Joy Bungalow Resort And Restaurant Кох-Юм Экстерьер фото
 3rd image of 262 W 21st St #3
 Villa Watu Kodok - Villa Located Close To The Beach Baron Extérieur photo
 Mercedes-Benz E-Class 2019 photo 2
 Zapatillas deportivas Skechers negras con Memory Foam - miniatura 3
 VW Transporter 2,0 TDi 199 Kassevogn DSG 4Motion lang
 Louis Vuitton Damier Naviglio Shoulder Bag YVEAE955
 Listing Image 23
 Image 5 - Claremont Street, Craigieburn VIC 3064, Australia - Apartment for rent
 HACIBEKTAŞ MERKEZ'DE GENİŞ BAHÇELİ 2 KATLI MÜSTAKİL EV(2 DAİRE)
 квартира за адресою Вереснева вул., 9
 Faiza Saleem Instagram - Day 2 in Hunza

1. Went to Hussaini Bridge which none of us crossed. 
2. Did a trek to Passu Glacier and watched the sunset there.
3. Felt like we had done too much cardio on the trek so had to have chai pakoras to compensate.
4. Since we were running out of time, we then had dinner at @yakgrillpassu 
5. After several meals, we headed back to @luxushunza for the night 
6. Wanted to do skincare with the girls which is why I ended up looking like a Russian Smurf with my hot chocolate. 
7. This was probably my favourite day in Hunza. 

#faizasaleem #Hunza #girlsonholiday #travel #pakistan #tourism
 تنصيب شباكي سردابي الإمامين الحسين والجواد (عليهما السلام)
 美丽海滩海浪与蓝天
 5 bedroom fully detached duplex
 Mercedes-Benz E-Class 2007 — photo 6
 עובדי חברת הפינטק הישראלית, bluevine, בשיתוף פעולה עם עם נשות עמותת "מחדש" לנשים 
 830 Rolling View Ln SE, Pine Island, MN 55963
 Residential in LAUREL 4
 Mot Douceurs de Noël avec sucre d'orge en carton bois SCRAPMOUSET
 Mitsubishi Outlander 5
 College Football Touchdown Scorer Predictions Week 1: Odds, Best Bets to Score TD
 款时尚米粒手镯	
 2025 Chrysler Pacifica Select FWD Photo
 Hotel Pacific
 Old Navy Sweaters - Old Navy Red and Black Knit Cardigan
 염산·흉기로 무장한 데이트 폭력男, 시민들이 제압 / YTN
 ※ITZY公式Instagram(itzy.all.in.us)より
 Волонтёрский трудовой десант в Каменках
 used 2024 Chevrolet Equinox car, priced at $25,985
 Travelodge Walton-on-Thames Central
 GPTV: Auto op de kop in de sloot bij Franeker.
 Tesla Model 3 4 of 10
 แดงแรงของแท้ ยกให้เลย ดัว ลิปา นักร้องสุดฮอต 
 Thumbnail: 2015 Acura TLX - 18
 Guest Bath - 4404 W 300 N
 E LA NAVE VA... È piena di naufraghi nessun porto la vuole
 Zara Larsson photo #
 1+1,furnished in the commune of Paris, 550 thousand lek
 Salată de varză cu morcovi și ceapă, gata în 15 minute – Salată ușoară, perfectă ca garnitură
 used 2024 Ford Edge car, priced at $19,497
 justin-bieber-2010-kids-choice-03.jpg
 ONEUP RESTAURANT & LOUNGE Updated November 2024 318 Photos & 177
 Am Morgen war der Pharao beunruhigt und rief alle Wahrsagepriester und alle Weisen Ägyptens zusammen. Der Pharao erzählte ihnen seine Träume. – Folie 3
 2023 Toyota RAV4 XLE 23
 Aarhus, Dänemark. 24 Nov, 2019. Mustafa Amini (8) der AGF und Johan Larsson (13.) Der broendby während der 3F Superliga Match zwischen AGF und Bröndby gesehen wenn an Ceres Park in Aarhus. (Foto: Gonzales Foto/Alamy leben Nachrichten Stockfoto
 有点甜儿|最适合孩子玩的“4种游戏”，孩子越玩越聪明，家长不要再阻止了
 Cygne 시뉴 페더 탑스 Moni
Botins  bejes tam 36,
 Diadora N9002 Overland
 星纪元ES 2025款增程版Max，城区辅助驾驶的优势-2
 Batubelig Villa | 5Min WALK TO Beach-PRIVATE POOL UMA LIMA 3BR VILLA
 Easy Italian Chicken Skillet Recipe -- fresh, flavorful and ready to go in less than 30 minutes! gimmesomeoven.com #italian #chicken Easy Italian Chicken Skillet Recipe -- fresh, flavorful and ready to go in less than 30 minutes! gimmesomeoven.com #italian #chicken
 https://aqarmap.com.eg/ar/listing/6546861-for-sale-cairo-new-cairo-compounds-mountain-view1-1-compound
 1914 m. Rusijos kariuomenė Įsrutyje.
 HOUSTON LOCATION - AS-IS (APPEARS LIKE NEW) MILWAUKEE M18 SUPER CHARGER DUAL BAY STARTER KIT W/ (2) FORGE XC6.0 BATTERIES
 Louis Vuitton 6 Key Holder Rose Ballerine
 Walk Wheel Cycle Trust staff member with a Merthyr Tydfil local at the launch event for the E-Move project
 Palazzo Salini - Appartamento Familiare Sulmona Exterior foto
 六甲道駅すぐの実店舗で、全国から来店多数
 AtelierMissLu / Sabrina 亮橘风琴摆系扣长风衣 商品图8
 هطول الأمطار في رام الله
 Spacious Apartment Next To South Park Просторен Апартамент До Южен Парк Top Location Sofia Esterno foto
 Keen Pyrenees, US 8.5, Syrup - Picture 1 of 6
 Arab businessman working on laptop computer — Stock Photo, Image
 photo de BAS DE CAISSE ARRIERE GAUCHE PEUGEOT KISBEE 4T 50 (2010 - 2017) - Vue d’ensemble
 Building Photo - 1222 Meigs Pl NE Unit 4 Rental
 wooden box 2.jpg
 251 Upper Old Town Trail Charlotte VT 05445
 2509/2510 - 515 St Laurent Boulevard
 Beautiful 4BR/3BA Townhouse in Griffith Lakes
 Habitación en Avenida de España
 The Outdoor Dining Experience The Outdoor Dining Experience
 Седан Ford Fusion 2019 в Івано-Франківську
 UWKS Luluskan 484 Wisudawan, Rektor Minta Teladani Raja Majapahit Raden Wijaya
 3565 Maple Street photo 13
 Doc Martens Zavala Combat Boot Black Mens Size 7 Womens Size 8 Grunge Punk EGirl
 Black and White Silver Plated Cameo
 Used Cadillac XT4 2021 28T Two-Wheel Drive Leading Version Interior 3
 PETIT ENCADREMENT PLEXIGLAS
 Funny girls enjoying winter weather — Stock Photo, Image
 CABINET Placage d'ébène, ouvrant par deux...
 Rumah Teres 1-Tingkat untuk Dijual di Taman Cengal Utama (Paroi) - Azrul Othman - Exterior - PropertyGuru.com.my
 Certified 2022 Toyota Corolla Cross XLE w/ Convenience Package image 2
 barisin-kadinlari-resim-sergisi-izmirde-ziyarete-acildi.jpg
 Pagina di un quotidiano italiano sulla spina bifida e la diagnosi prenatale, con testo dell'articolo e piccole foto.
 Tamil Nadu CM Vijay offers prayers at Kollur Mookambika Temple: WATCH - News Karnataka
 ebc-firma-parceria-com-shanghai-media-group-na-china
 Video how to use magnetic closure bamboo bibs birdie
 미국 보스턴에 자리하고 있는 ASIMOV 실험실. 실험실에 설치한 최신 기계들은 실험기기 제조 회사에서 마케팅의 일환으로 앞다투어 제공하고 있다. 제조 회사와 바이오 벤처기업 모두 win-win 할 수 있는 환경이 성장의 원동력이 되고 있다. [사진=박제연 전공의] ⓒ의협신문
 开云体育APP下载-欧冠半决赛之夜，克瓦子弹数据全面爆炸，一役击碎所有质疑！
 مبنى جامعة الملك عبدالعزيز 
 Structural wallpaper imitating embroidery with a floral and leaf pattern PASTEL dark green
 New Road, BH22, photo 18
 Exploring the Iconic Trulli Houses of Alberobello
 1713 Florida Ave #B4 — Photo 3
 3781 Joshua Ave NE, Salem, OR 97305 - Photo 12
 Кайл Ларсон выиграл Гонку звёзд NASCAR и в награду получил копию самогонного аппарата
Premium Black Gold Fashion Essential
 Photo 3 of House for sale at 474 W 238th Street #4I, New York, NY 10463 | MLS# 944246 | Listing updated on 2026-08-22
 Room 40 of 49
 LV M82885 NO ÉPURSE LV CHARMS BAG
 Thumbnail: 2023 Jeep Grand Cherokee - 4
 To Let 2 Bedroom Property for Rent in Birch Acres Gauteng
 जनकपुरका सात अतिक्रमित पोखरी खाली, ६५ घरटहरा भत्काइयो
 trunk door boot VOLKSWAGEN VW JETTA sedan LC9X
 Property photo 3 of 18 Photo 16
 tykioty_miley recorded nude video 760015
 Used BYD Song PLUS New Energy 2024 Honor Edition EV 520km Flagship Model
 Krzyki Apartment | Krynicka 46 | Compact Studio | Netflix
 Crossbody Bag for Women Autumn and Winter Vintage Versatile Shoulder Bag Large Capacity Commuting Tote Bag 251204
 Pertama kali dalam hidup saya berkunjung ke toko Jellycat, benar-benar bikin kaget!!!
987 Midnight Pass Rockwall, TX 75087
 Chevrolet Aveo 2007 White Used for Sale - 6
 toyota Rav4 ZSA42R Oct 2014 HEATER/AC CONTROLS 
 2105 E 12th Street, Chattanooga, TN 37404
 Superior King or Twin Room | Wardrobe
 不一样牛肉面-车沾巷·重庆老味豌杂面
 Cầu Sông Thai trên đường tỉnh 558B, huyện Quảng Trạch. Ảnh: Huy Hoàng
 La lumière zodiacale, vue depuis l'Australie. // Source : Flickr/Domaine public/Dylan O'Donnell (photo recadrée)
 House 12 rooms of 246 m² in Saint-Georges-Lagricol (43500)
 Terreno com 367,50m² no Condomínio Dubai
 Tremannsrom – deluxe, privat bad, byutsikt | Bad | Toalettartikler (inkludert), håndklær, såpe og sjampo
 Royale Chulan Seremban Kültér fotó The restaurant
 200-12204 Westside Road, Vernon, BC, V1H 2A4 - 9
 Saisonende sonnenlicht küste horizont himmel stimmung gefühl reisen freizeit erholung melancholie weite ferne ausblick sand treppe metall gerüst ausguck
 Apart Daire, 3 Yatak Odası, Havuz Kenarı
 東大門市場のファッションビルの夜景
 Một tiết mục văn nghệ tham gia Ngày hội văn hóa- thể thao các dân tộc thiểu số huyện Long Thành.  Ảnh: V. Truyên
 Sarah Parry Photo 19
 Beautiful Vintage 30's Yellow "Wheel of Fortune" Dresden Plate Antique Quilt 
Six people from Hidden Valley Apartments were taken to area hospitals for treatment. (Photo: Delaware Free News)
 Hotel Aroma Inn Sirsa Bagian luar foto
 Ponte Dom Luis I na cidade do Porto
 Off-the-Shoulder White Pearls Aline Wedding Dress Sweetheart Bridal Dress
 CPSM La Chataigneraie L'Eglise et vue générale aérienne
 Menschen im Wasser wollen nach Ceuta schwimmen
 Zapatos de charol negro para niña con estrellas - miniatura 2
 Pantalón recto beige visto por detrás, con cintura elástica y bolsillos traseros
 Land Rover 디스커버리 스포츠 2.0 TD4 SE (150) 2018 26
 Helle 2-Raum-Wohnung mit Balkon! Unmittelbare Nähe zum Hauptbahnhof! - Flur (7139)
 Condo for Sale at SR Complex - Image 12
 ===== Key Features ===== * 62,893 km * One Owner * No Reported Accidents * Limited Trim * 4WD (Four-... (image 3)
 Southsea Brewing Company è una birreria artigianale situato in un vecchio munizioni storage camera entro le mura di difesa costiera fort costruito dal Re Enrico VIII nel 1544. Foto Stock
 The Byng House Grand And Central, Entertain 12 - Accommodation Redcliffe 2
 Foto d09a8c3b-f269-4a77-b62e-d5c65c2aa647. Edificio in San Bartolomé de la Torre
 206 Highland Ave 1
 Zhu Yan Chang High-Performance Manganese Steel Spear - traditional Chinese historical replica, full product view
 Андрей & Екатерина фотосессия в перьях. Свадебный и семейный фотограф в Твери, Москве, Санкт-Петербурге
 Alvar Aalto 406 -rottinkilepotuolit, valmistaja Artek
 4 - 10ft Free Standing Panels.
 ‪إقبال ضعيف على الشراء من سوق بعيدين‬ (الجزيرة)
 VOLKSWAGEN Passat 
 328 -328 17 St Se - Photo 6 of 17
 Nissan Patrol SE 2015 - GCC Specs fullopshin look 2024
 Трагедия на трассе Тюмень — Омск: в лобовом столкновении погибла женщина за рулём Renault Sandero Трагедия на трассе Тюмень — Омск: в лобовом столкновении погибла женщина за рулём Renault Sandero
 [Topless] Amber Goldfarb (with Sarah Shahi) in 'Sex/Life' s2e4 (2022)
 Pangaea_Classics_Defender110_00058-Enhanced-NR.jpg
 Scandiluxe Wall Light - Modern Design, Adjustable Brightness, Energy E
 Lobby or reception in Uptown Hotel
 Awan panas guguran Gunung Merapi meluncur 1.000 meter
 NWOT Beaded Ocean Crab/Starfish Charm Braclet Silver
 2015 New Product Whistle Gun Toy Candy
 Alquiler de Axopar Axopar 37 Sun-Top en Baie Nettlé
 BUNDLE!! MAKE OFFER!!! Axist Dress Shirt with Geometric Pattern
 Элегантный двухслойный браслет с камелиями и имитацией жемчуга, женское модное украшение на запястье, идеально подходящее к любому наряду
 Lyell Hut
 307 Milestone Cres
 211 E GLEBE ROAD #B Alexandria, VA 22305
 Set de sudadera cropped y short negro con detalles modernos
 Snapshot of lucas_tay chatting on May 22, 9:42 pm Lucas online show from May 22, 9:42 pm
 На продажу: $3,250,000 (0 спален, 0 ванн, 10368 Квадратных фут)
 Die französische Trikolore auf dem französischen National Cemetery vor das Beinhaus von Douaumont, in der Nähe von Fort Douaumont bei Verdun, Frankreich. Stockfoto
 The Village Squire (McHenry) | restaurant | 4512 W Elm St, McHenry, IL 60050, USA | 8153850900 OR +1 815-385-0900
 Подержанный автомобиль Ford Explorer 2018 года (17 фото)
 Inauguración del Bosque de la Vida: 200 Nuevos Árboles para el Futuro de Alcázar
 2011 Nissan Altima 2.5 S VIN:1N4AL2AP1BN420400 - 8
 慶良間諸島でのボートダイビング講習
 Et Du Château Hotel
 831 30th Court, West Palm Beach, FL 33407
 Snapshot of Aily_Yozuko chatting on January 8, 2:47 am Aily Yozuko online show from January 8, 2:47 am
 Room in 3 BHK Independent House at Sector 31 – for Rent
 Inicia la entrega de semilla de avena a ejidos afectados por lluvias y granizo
__________________________________________________
▶ Brief
Every line above from the line with "trunk door boot" to the line with "Krzyki Apartment |", inclusive, must be returned exactly; no other line belongs in the reply.

▶ Result of this exercise
 trunk door boot VOLKSWAGEN VW JETTA sedan LC9X
 Property photo 3 of 18 Photo 16
 tykioty_miley recorded nude video 760015
 Used BYD Song PLUS New Energy 2024 Honor Edition EV 520km Flagship Model
 Krzyki Apartment | Krynicka 46 | Compact Studio | Netflix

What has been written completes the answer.